Thanks for the help, I really appriciate it!

13. Feb 11, 2006

### Tom McCurdy

bit drunk

bit drunk but
$$\int\sqrt\frac{1}{x}dx$$
equals
$$2 \sqrt{\frac{1}{x}}x$$

14. Nov 15, 2009

### FortranMan

by the way, what's the proof for this inverse root? I swear I knew it at one time.

$$\int \frac{dx}{(x^2 + a^2)^{3/2}}=\frac{x}{a^2 \sqrt{x^2 + a^2}}$$

15. Nov 15, 2009

### Staff: Mentor

I can't believe this thread went on for as long as it did without the OP realizing that the integrand could be greatly simplified.
$$\sqrt{\frac{1}{x}}~=~\frac{\sqrt{1}}{\sqrt{x}}~=~\frac{1}{x^{1/2}}~=~x^{-1/2}$$

So the antiderivative requires nothing more than an application of the power rule.

16. Nov 15, 2009

### silverdiesel

wow.

3 years later, and yes, I think I've finally figured it out.

So, I am sitting at my desk trying to wrap my mind around the Kroneker Delta and the Levi-Civita Symbol. I do a google search for info, and a thread on my old friend, the Physics Forums pops up. I click the link, read it, (it did not help), I move on.
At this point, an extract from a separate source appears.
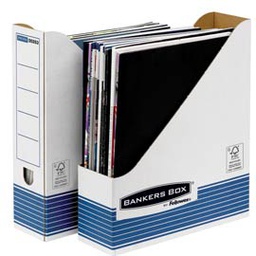 [56581] PORTARIVISTE 31,1X7,80X25,80CM BANKERS BOX SYSTEM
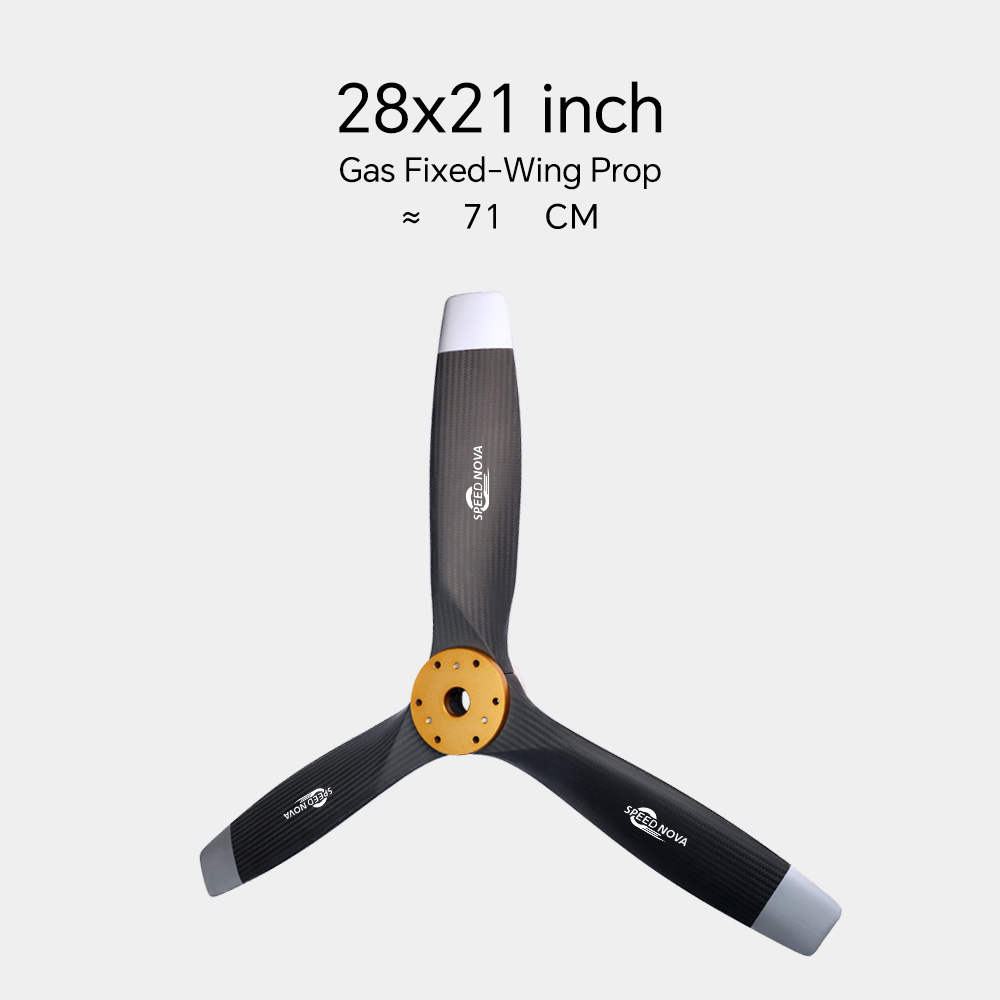 RAYI 28x21 Carbon Fiber Gasoline Engine Fixed-Wing Propeller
Now, a few hours later I get an email about a response to a thread I posted three years ago.

I am guessing PF recognized me and made my account active again.

Anyhow... yeah, I got that one figured out. Funny how it seems so simple once you "speak" math. But when your just learning, the leap from x/root(x) to root(x) can be evasive.